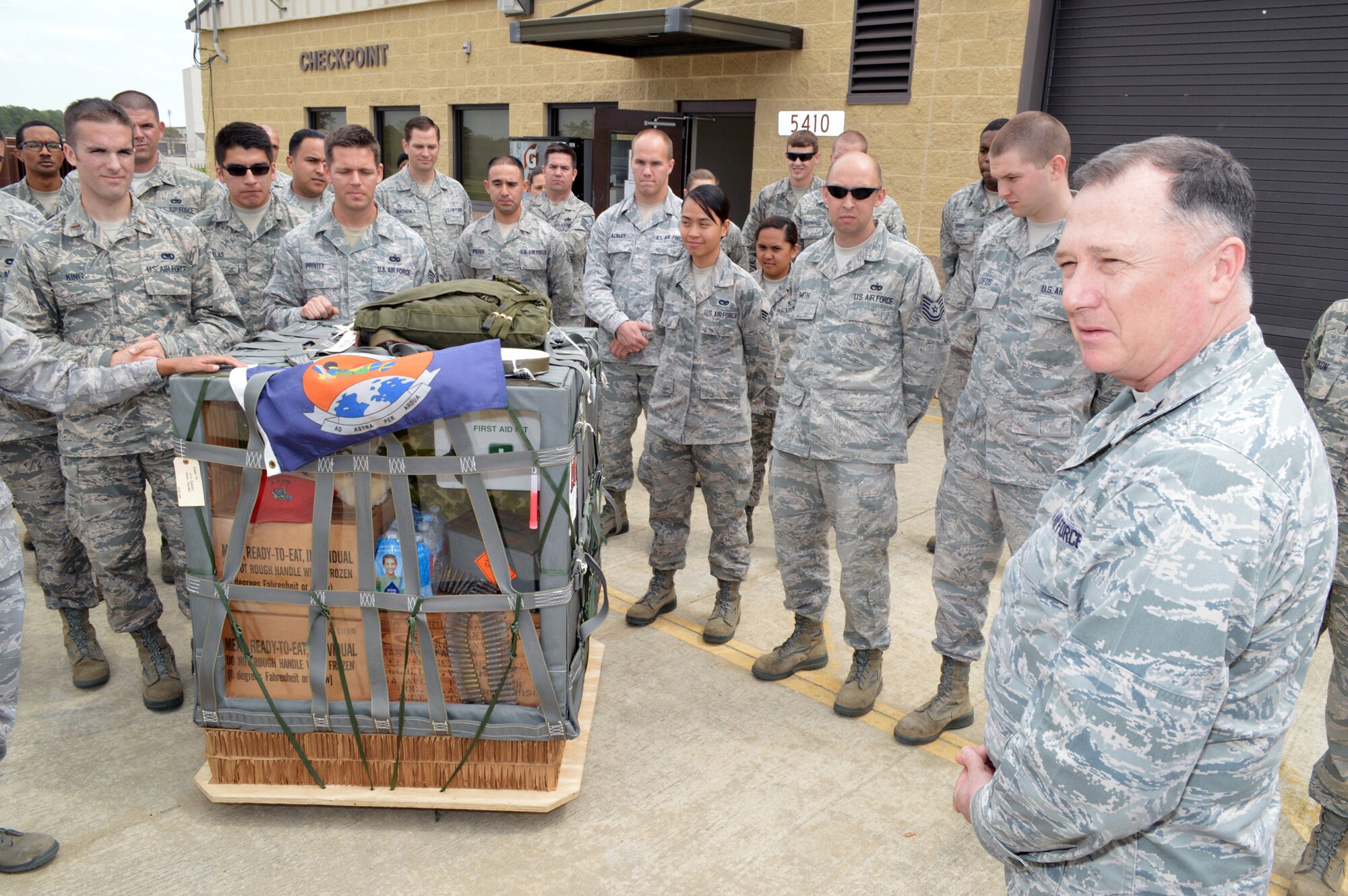 Col. E. Mark Barnes, Air Mobility Command chaplain, right, receives a 3rd Aerial Port Squadron mission briefing during he and Chief Master Sgt. Michael T. O’Donnell, Air Mobility Command chaplain assistant functional manager’s visit to the 43rd Airlift Group, Pope Army Airfield, Fort Bragg, N.C. on Apr 8, 2014. The 3rd Aerial Port squadron serves as the primary supporter of the XVIII Airborne Corps, as well as the 82d Airborne Division and their Global Response Force mission. Port Airmen have also been a constant force multiplier in Afghanistan and Iraq. The aerial porters bring superior job knowledge, skill and leadership to the U.S. Central Command’s area of responsibility. (U.S. Air Force photo/Marvin Krause)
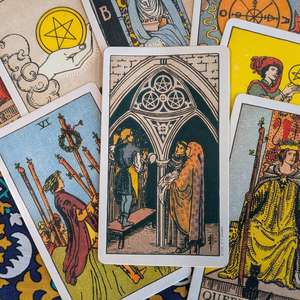 A close-up photograph of Rider-Waite-Smith style tarot cards spread across a patterned surface. The Three of Pentacles card is centred, showing three figures beneath a gothic arch, surrounded by other visible cards including the Six of Wands, Ace of Pentacles, Queen of Wands and Page of Pentacles. The image is used to promote free community partner audio spots for Tarot Interviews, open to tarot, folklore, heritage, arts and culture organisations.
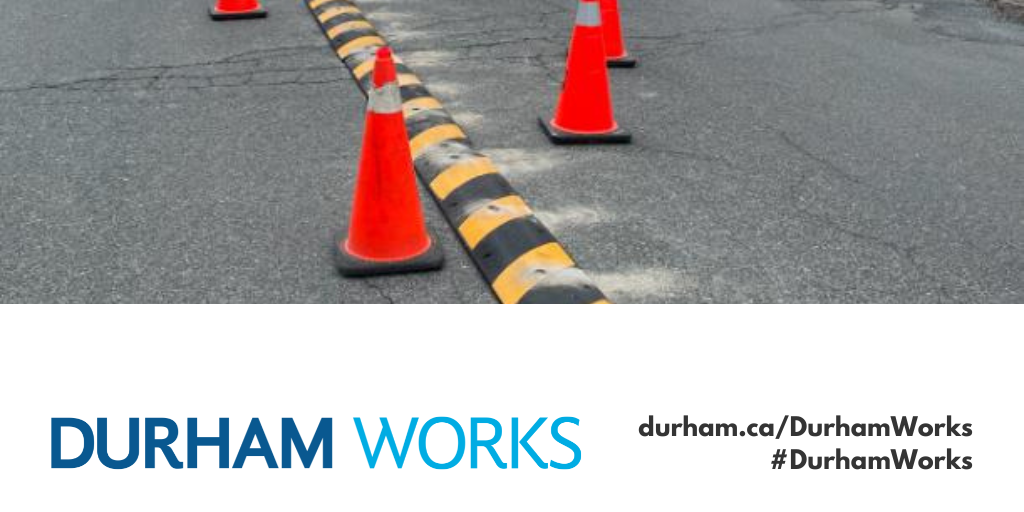 A photo of a hardened centre line with pylons surrounding it, the Durham Works logo and text reading durham.ca/DurhamWorks #DurhamWorks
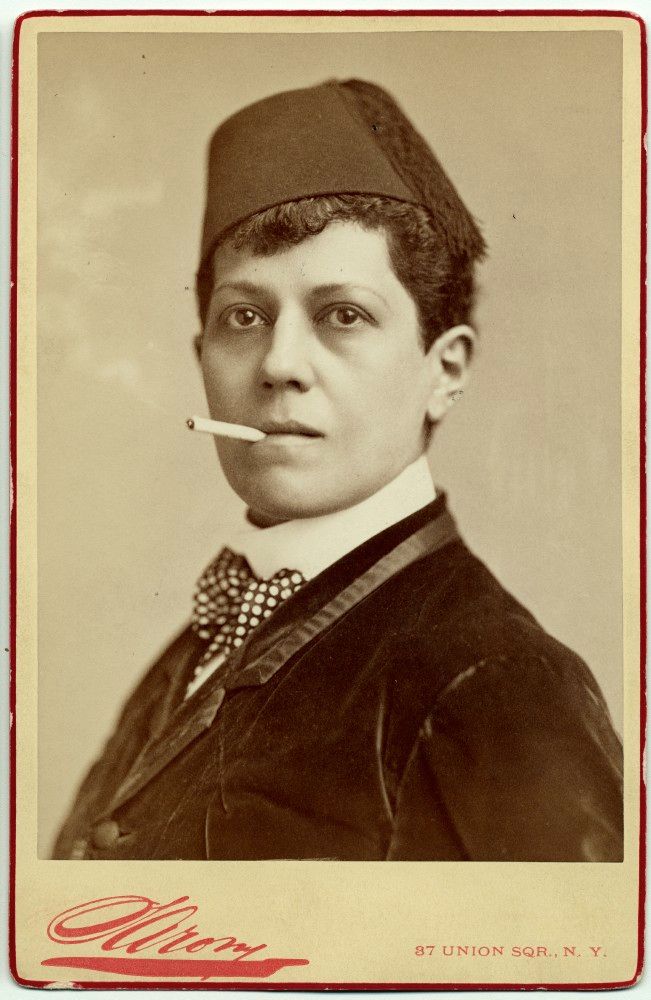 Another carte portrait, also as a young man, wearing short hair, a hat, smoking a cigarette, wearing a jacket and a polka dot bow tie.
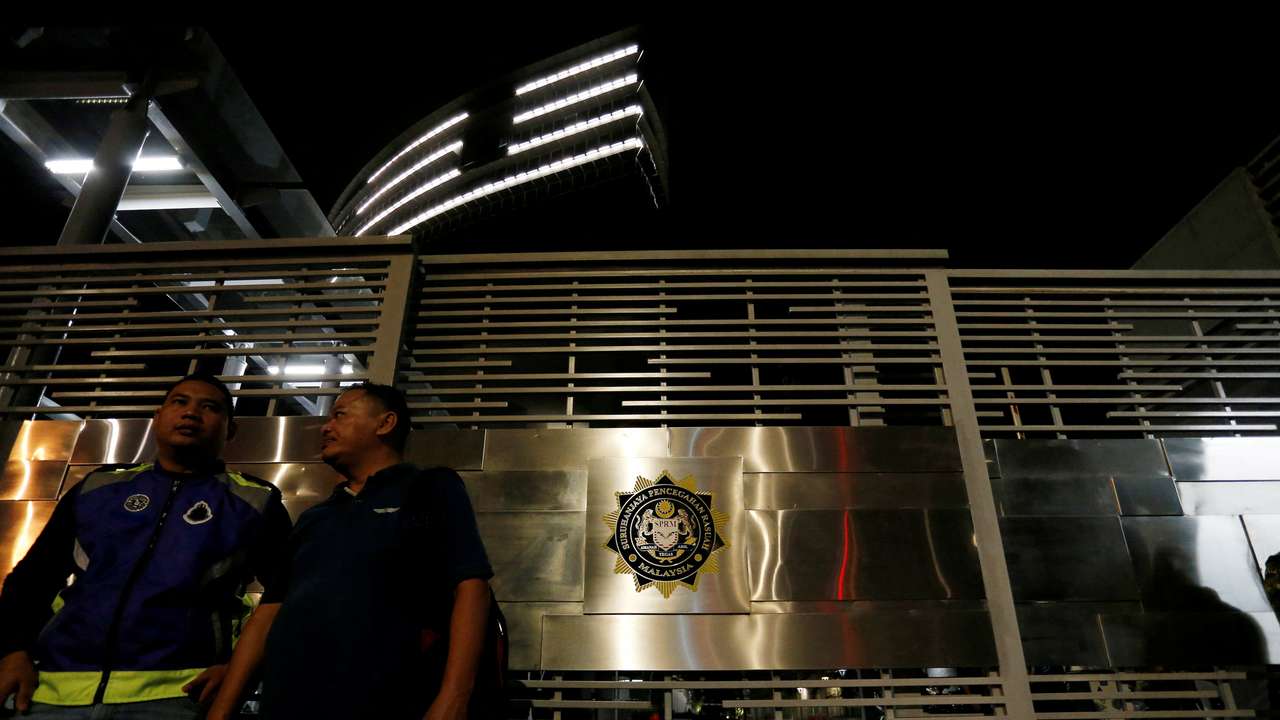 FILE PHOTO: Police officers stand guard outside the MACC headquarters in Putrajaya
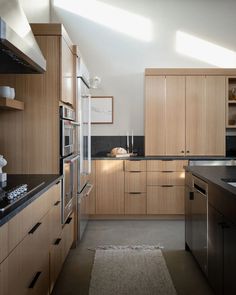 the kitchen is clean and ready for us to use it's counters, ovens, cabinets, and counter tops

* Work order *
Please write the data out again exactly, but do not carry over the pictures.

* Exercise result *
 Col. E. Mark Barnes, Air Mobility Command chaplain, right, receives a 3rd Aerial Port Squadron mission briefing during he and Chief Master Sgt. Michael T. O’Donnell, Air Mobility Command chaplain assistant functional manager’s visit to the 43rd Airlift Group, Pope Army Airfield, Fort Bragg, N.C. on Apr 8, 2014. The 3rd Aerial Port squadron serves as the primary supporter of the XVIII Airborne Corps, as well as the 82d Airborne Division and their Global Response Force mission. Port Airmen have also been a constant force multiplier in Afghanistan and Iraq. The aerial porters bring superior job knowledge, skill and leadership to the U.S. Central Command’s area of responsibility. (U.S. Air Force photo/Marvin Krause)
 A close-up photograph of Rider-Waite-Smith style tarot cards spread across a patterned surface. The Three of Pentacles card is centred, showing three figures beneath a gothic arch, surrounded by other visible cards including the Six of Wands, Ace of Pentacles, Queen of Wands and Page of Pentacles. The image is used to promote free community partner audio spots for Tarot Interviews, open to tarot, folklore, heritage, arts and culture organisations.
 A photo of a hardened centre line with pylons surrounding it, the Durham Works logo and text reading durham.ca/DurhamWorks #DurhamWorks
 Another carte portrait, also as a young man, wearing short hair, a hat, smoking a cigarette, wearing a jacket and a polka dot bow tie.
 FILE PHOTO: Police officers stand guard outside the MACC headquarters in Putrajaya
 the kitchen is clean and ready for us to use it's counters, ovens, cabinets, and counter tops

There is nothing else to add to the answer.